Omar Mukhtar is a gifted military man, but even he can’t do the impossible. Cut off from his supply lines in Egypt, caged in on all sides by barbed wire, his people in concentration camps, he’s captured by the Italians and hanged in front of thousands of of his people. But Graziani’s victory is also his defeat. Omar Mukhtar would not take a bribe, save his life, betray his people, or go into retirement. He goes to his death with so much quiet dignity that the brutal Italian warlord realizes his mistake as soon as the rope snaps his neck. All the concentrated might of the Italian fascist empire has succeeded in doing is to kill one old man. The camera lingers on a little boy in the crowd.
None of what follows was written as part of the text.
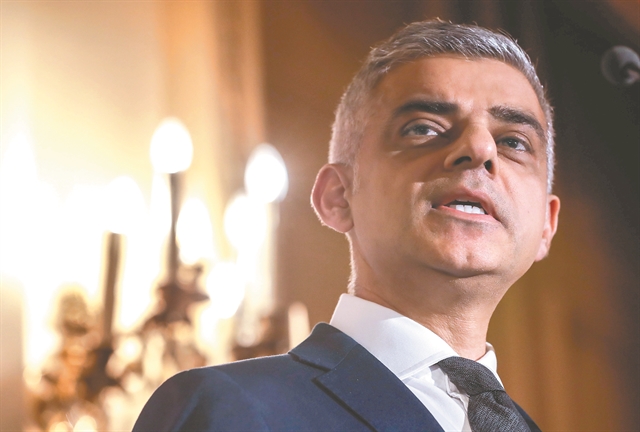 Ο δήμαρχος του Λονδίνου αποκλειστικά στα ΝΕΑ: «Ελληνες, σας θέλουμε εδώ!»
Mukhtar smiles at him. The next generation is ready to carry on the battle against colonialism.
Final Note: During the Libyan Civil War in 2011 and 2012, Gadaffi and the rebels both claimed to be heirs to the legacy of Omar Mukhtar. I suppose that’s both inevitable and a testament to Mukhtar’s status as a national hero. It’s also worth noting that while the Pentagon and the corporate media attempted to bring back The Battle of Algiers during the American occupation of Iraq, Lion of the Desert remains in obscurity. The American ruling class can deal with the idea that a Colonel Mathieu can ask us to make the “hard choices” we need for the good of the empire. They can’t take being exposed as fascists.